Dorothy Patrick Davis
De Forest Kelley
Paul S. Fox
Harry M. Leonard
Walter M. Scott
E. Clayton Ward
Lyle R. Wheeler
Darryl F. Zanuck
According to materials contained in Twentieth Century-Fox Records of the Legal Department and Produced Scripts Collection at the UCLA Arts-Special Collections Library, Fox paid $75,000 for the rights to Hamilton Basso's novel. When the studio's purchase of the film rights was announced in an November 8, 1954 Hollywood Reporter news item, Julian Blaustein was listed as the film's producer. The studio originally wanted Gregory Peck to play "Anson"; Jean Simmons, Maggie McNamara or June Allyson to portray "Dinah"; Basil Ruysdael to play "Garvin"; and Eva LeGallienne or Ethel Barrymore to portray "Lucy," according to materials in the Fox files. The View from Pompey's Head marked the motion picture debut of child actress Evelyn Rudie, who portrayed "Cecily Higgins."

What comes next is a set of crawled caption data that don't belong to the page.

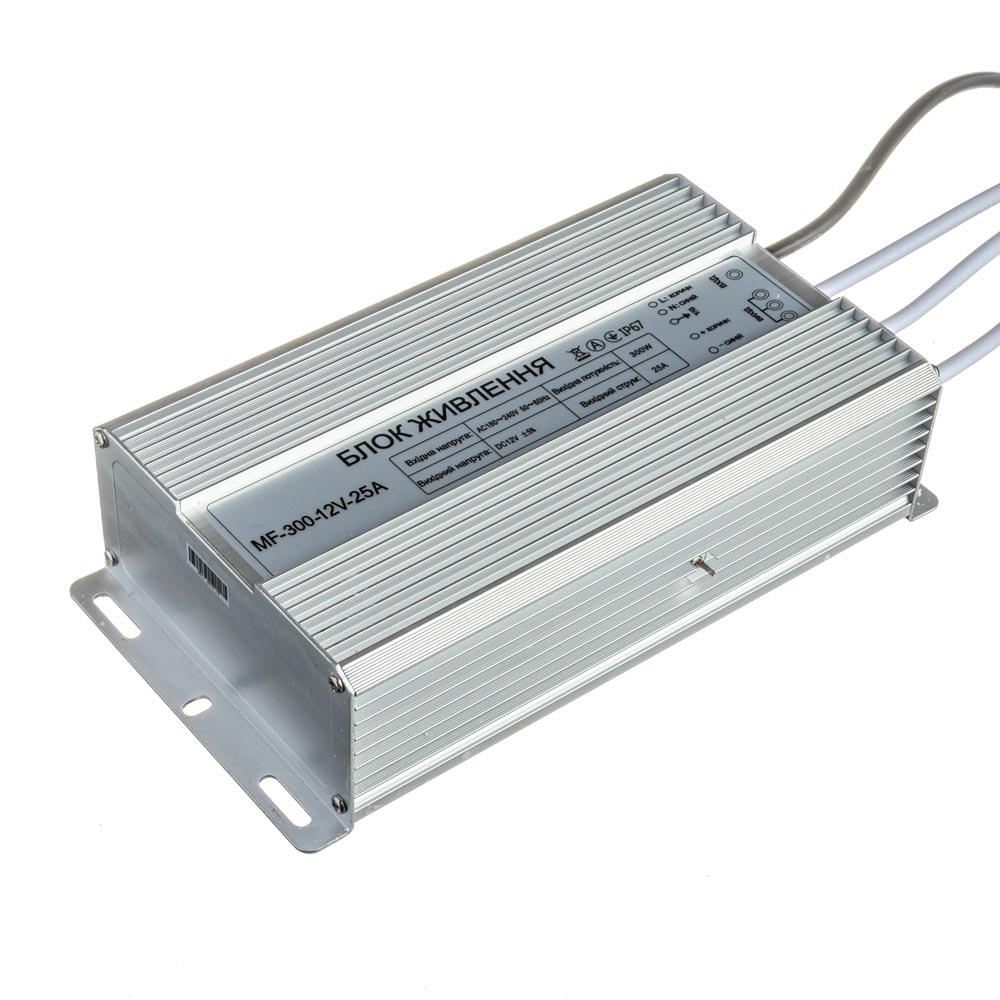 Блок живлення LED 12 V 25 A 300 Вт IP65 F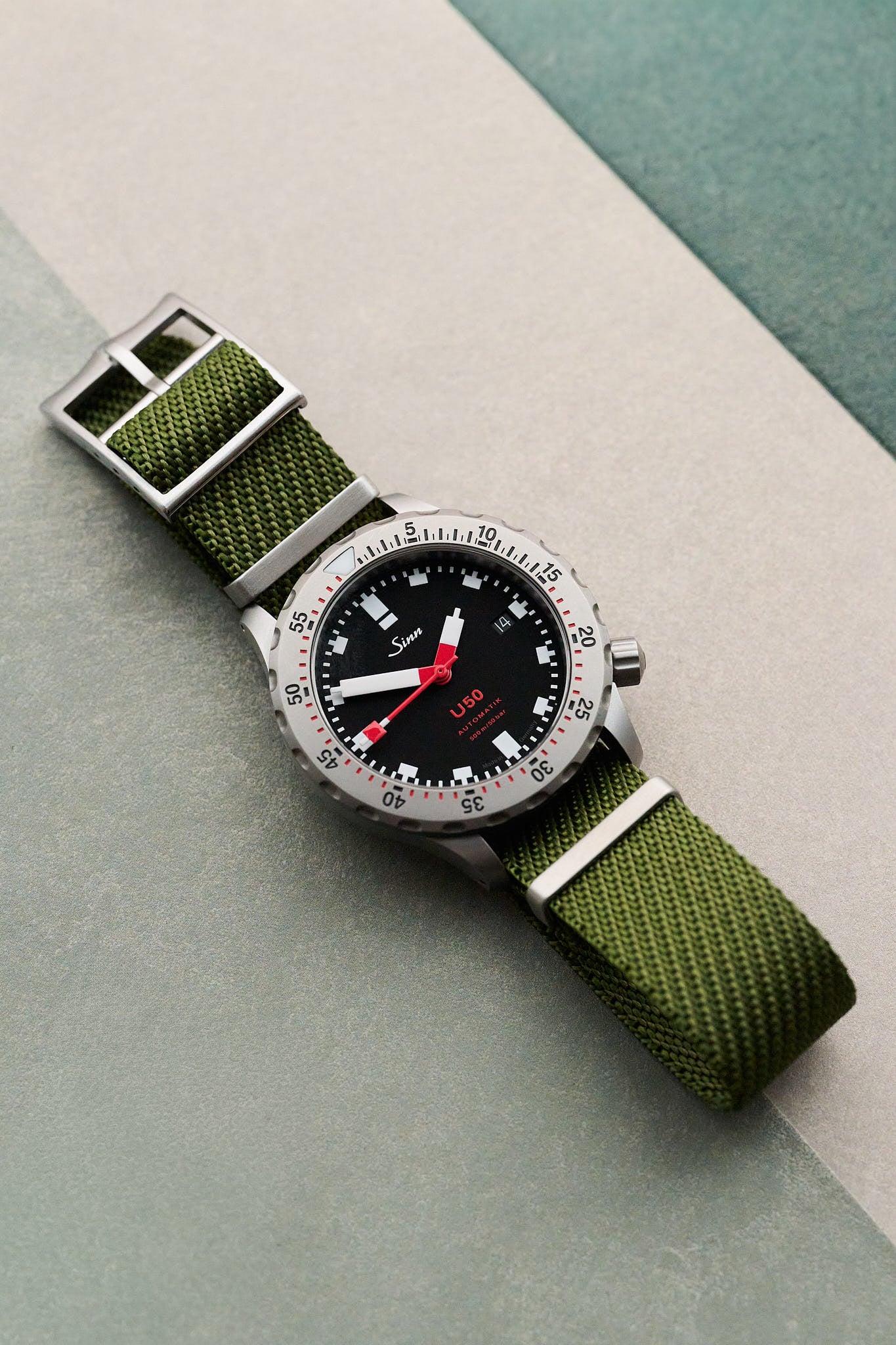 Woven Nylon Single Pass Strap - Army Green - The Strap Tailor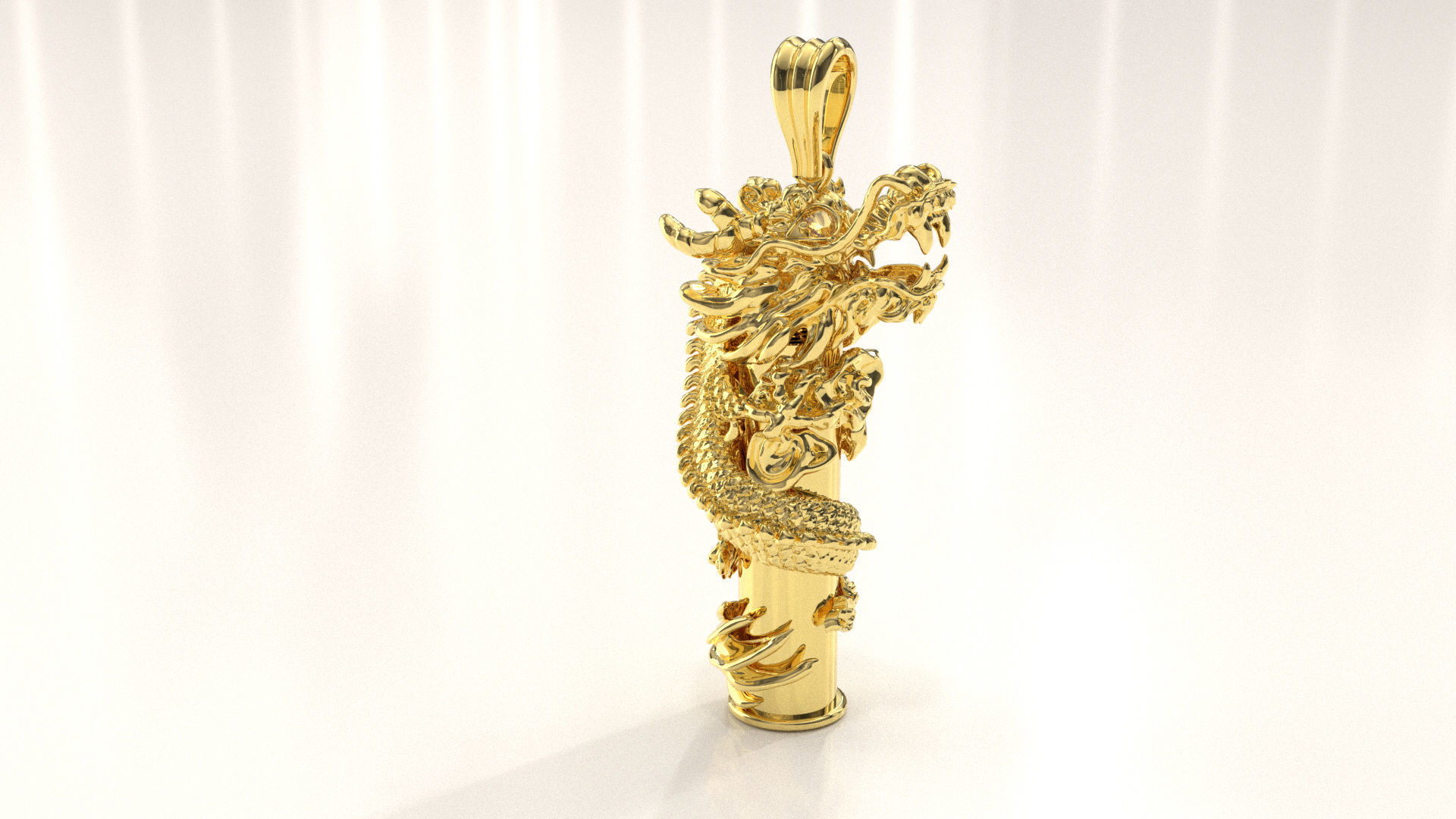 pendant dragon 3D print model_1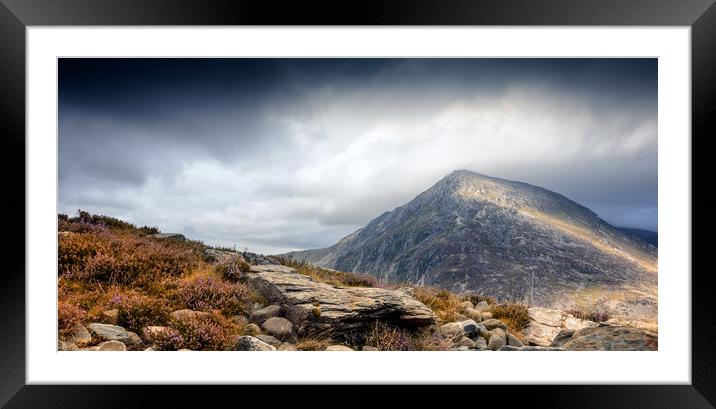 Snowdonia Wales Journey of Mountains Framed Mounted Print by John Williams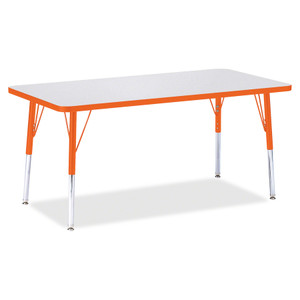 Jonti-Craft Berries Orange Edge Rectangle Table View Product Image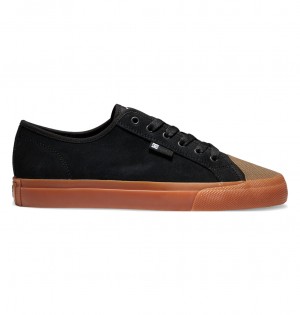 DC Shoes Manual RT S - δερματινα Skate Shoes μαυρα | 716582HWY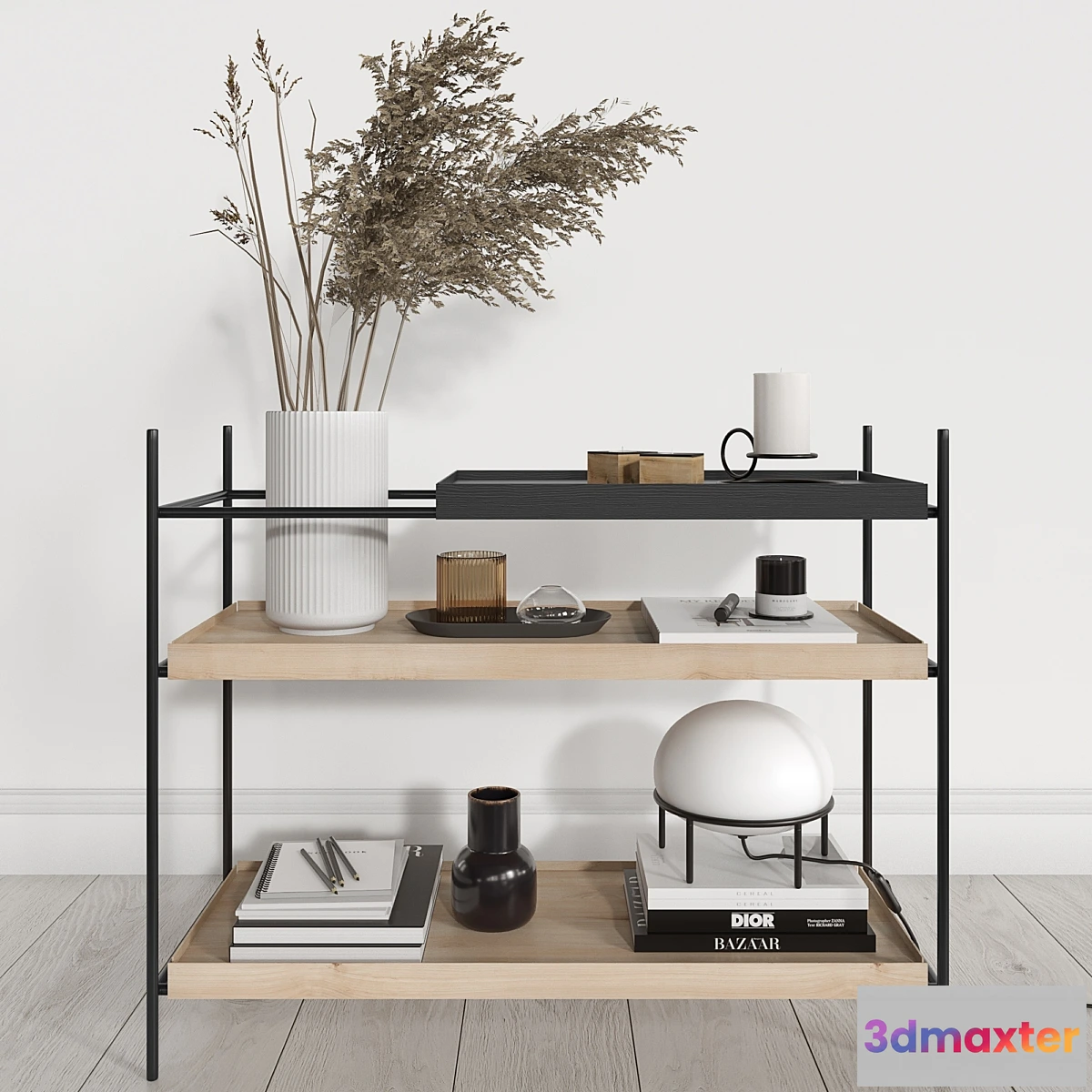 826368 - Woud Shelves with Decorative Filling - No.3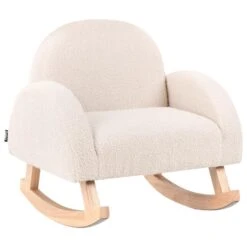 HUG - Schommelstoel Voor Kinderen - Lichtbeige - Bouclé 16 HUG - Schommelstoel Voor Kinderen - Lichtbeige - Bouclé -Leen Bakker Winkel b06c9bcb9edb45b8854dc90e9019d3e8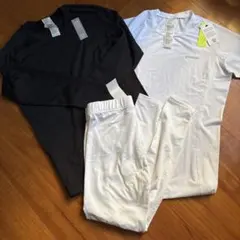 サッカーインナーウェア　上下セット　Ｓサイズ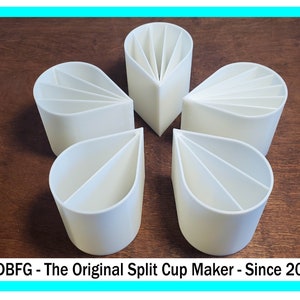Split Cup Set von 5 Bundle - 4oz / 6oz / 12oz / 18oz Acrylic Pour Set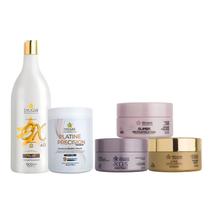 Kit Cronograma Capilar + Pó Descolorante Master +OX de 40Vol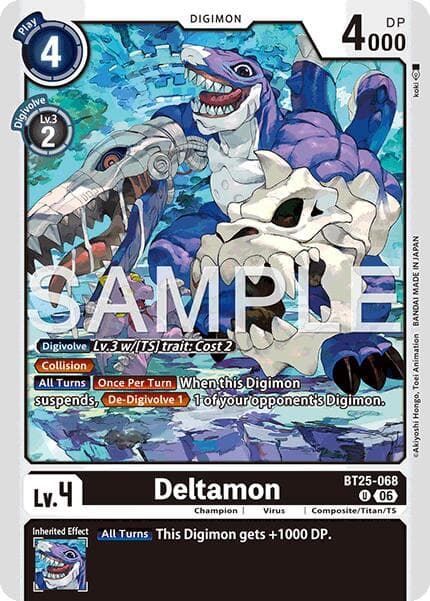 Deltamon — Dual Revolution card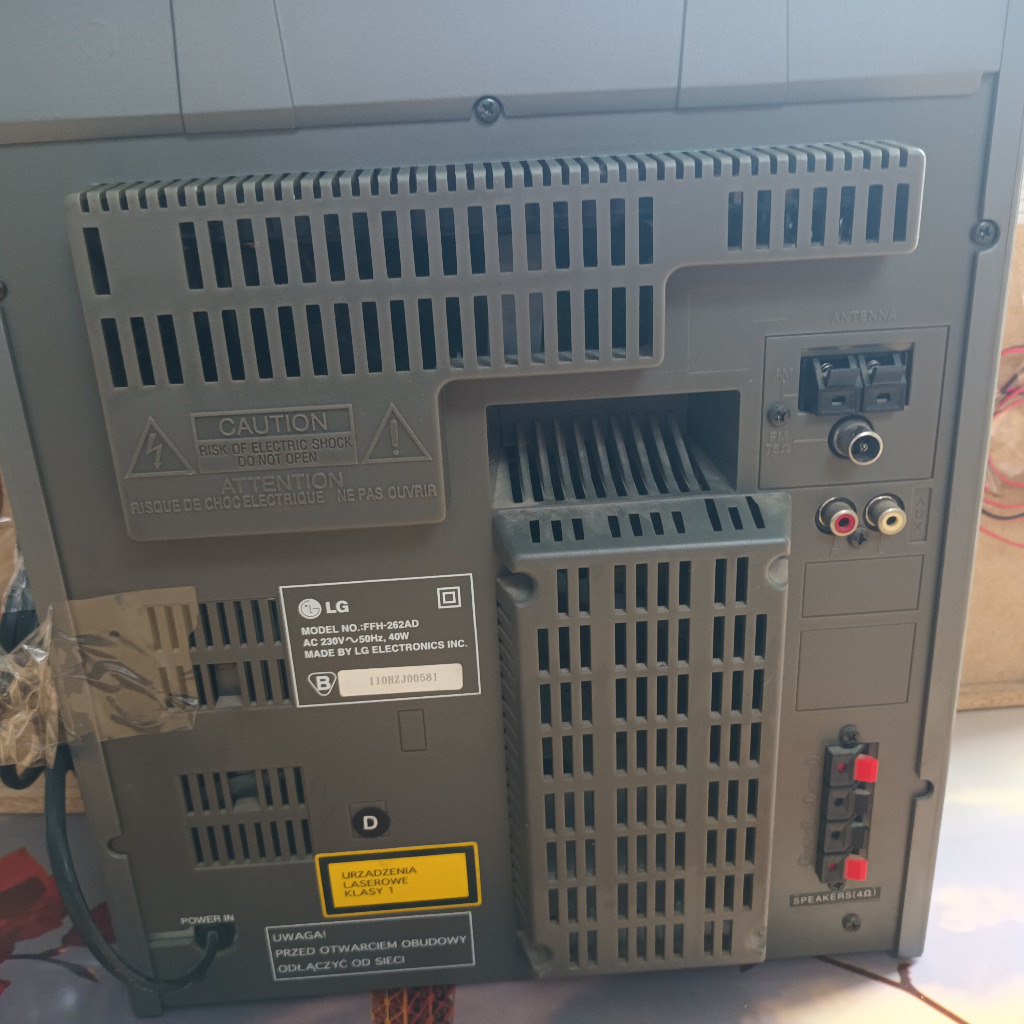 Wieża LG FFH-262-ad z pilotem i kolumnami | Kraków | Kup teraz na ...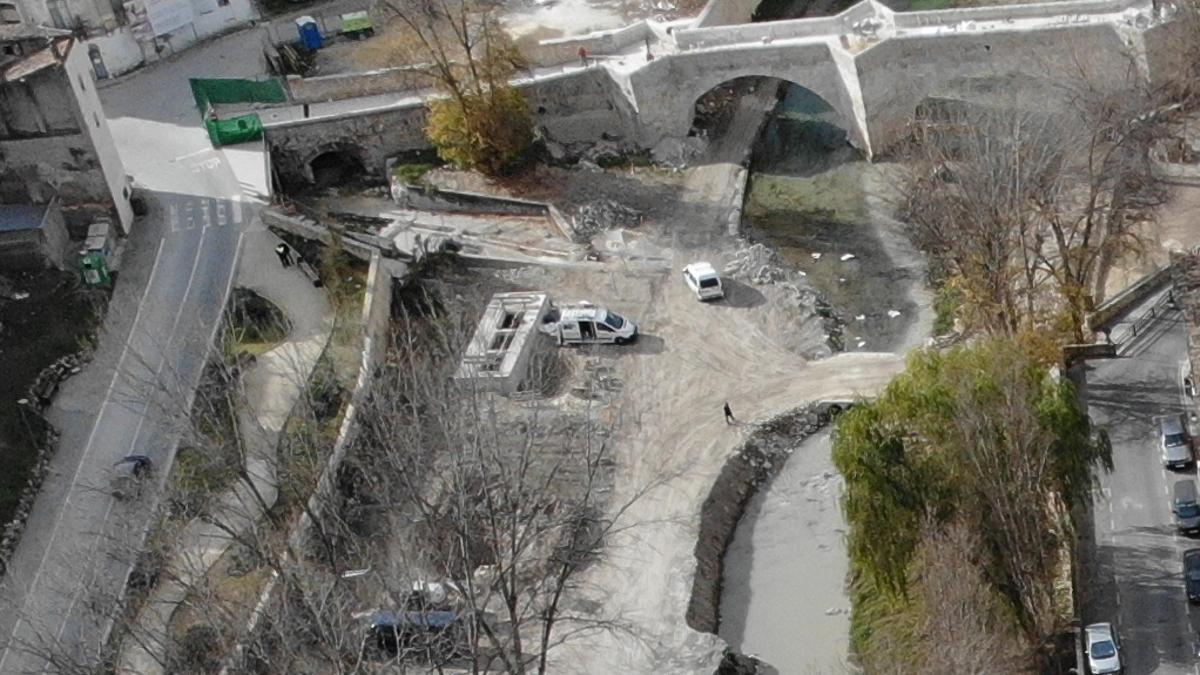 Panorámica de parte de las obras realizadas en el entorno del Clariano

Although publicity materials contained in the AMPAS Library files note that silent film stars Cleo Ridgely, Dorothy Phillips, Lulu Betz, Helen Foster and Anne Cornwall were added to the cast, and that Maria Cimarusti played "Dinah" and "Mickey's" sixteen-month-old child, their participation in the released film has not been confirmed. Hollywood Reporter news items include Sandra Ross, Seletha Huff and band leader Benny Carter in the cast, but their appearance in the completed picture has not been confirmed.
Publicity materials and Hollywood Reporter news items reveal that the film was partially shot on location around Brunswick and Savannah, GA. Brunswick's Ogelthorpe Hotel served as the Marlborough Hotel and the 18th-century plantation Wormsloe provided the exterior of "Mulberry." The beach scenes were shot at Jekyll Island, Sea Island and St. Simmons Island.
According to information in the film's file in the MPAA/PCA Collection, located at the AMPAS Library, approval of the script was initially refused because of its portrayal of adultery. To satisfy the PCA, the adulterous relationship between "Anson" and "Dinah" was changed to a love affair that stops just short of infidelity. The Motion Picture Herald Prod Digest review noted, "As an attack on present-day systems of caste-among the whites themselves as well as for the Negro-this picture treads but lightly on Southern toes. It is more of a gentle reprimand than a vigorous assault....This placement of emphasis is all to the good, since it is what the paying customers prefer." This picture marked the first appearance of English actress Dana Wynter in a picture produced in the United States. Wynters had previously appeared in several films made in England, including the M-G-M British production of Knights of the Round Table. The View from Pompey's Head also marked the first time that Dorothy Patrick was billed as Dorothy Patrick Davis.
Voted Best Supporting Actress (Rambeau--shared for her work in "A Man Called Peter") by the 1955 National Board of Review.